Me pregunto cuál habría sido la provocación de la víctima para sufrir un castigo tan injusto como desproporcionado, o si la única causa de su desgracia fue ser considerado diferente al grupo.
Según las estadísticas, una de cada veinticinco personas es sociópata, trastorno de la personalidad que implica hostilidad y carencia de empatía. Es, además, una condición que no tiene cura, se nace y se muere sociópata.
Pongamos pues, que en una clase de instituto con treinta alumnos hay al menos un sociópata que atemoriza, manipula y persuade a los más débiles de que existe una identidad grupal excluyente de cualquier otra, que sofoca las demás lealtades y borra la compasión.
Como bien dijo Oscar Wilde “La mayoría de las personas son otras” porque imitan y siguen a los líderes. Así las cosas, las medidas de contención de estos sucesos deberían ir en dos direcciones: limitar el ámbito de acción de los sociópatas y reforzar la libertad, la conciencia de lo justo, de la diversidad y de las múltiples identidades de que está compuesta una persona sana.

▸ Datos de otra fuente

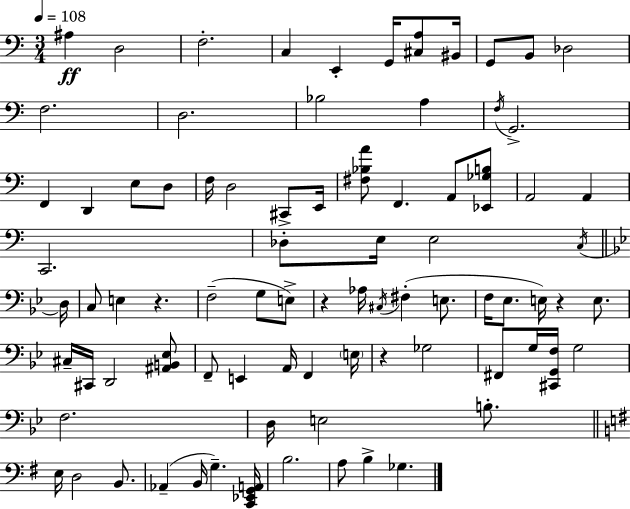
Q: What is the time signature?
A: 3/4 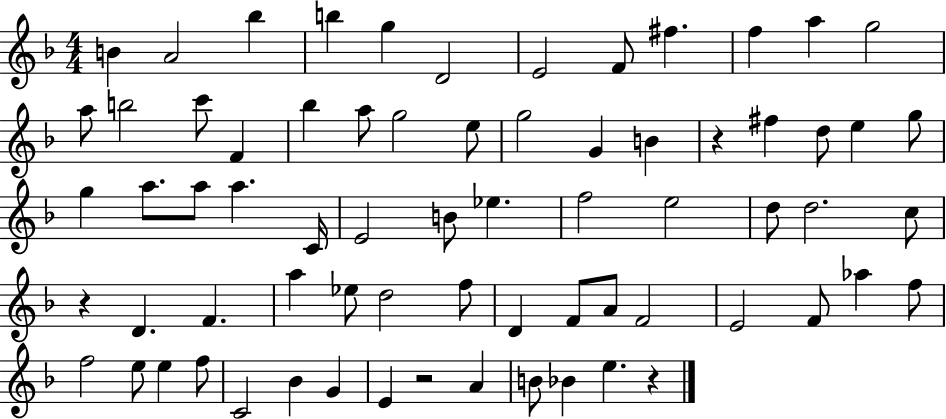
X:1
T:Untitled
M:4/4
L:1/4
K:F
B A2 _b b g D2 E2 F/2 ^f f a g2 a/2 b2 c'/2 F _b a/2 g2 e/2 g2 G B z ^f d/2 e g/2 g a/2 a/2 a C/4 E2 B/2 _e f2 e2 d/2 d2 c/2 z D F a _e/2 d2 f/2 D F/2 A/2 F2 E2 F/2 _a f/2 f2 e/2 e f/2 C2 _B G E z2 A B/2 _B e z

La reducción de alguien a una raza, religión, clase social o forma de vestir, es un instrumento útil y necesario para la violencia sectaria.

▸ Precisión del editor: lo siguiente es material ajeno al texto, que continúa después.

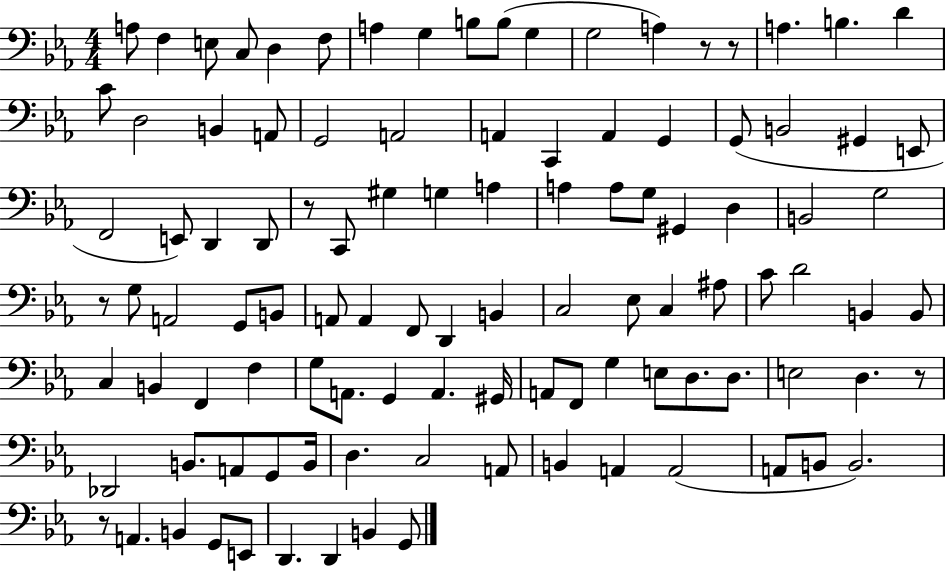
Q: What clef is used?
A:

Si la empatía es la capacidad de identificarse con alguien y compartir sus sentimientos y esto es imposible para el sociópata, al menos podremos redireccionar a los demás.
Las medidas de contención de estos sucesos deberían ir en dos direcciones: limitar el ámbito de acción de los sociópatas y reforzar la libertad, la conciencia de lo justo, de la diversidad y de las múltiples identidades de que está compuesta una persona sana.
En este caso los hechos entran de lleno en un ilícito penal, pero la crueldad, como todos sabemos, el acoso puede ser muy sutil y persistente. Recordemos el caso de Diego, el niño de once años que se suicidó tras sufrir largos periodos de acoso escolar y que dejó una carta demoledora explicando cómo había llegado a desear la muerte antes que volver al colegio.
Poco importa si el violento lo es a causa de un trastorno de la personalidad, de su debilidad, o de haber sido él mismo víctima de un dolor que le llena de rabia. Detectarlo a tiempo es el reto. Cortar la influencia, evitar la lógica fragmentaria que divide y singulariza.
El caso es que el sufrimiento de los demás es el nuestro, y si algo hemos aprendido con hechos como la matanza de Columbine en 1999 cuando dos alumnos mataron a doce compañeros y a un profesor, es que el odio genera odio y es un veneno que tarde o temprano nos salpica a todos.